Here Comes Electric GT Racing

If all goes according to plan, there'll be a second electric car racing series besides Formula E, this on using stripped-down Tesla Model S sedans.

Published: 17-Mar-2016

Just this past weekend in Mexico City, Formula E completed the fifth race in its second season, drawing increasing numbers of spectators curious about what all-electric, open-wheel, FIA Formula racing looks, smells, and sounds like. It still looks fast, smells of burning tire rubber, and sounds... well, a lot less noisy than the hornet's nest screams of the ICE-age racers they might be used to. You can watch past races on their Youtube channel,

If co-founders Mark Gemmel and Agustin Paya have their way, in 2017 there will be a second all-electric racing series, this one called Electric GT (Grand Touring). Unlike the custom-built open-wheel cars of Formula E, this series will feature production 'stock cars,' starting the first year with Tesla Model S P85s.
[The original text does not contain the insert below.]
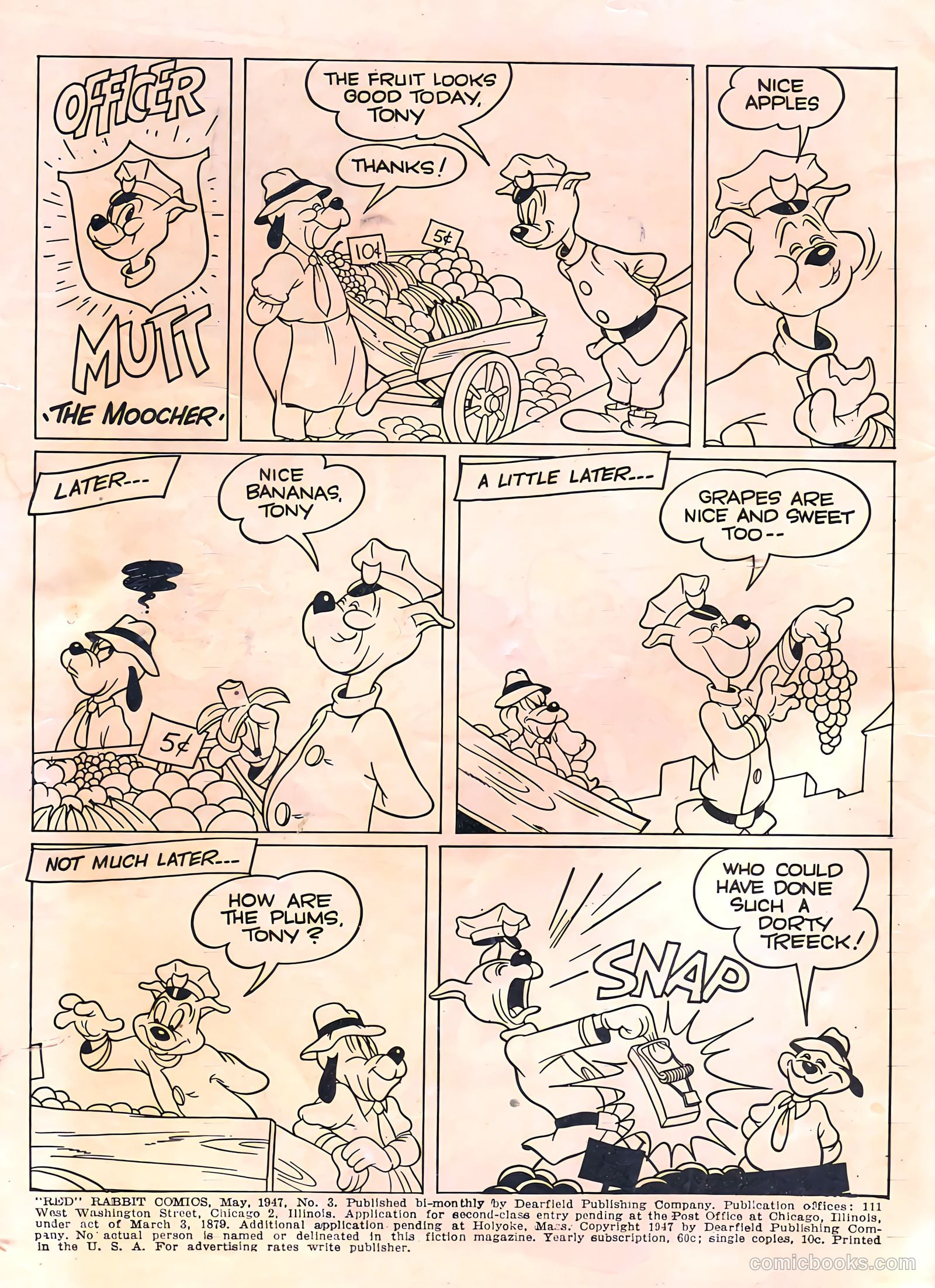 "Red" Rabbit Comics #3 — page 2 of 52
The organizers chose the P85s because of their 85kWh battery packs and rear-wheel drive, which is preferred for racing. Like Formula E's first season, all the teams will use the same Model S. While they will strip the cars of unnecessary weight, improve braking and cooling, and make aerodynamic changes to increase down force, they won't be permitted to make any changes to the drive system. The battery, controller and motor won't be modified. That will come in succeeding years.

While the stock version of the Model S P85 has a driving range of up to 250 miles on a charge, in racing conditions, that will drop sharply. Formula E solves the problem in its hour-long races by having the drivers pull into the pit and change cars to one with a freshly topped-off battery pack. The entire exchange takes less than 30 seconds. Managing the cars energy consumption is critical. How Electric GT handles this hasn't yet been announced, though organizers are hoping to attract ten teams and twenty cars, so a mid-race car swap might be what's in the works. Tesla briefly demonstrated a fast battery swap system, but that requires multiple exchange systems that might get used once or twice during the race and require costly moves from track to track.

Still in startup phase, Gemmel and Paya reportedly are in talks with various international racing venues with their interest said to be focused on Barcelona-Catalunya in Spain, Donnington Park in England, and Nürburgring in Germany.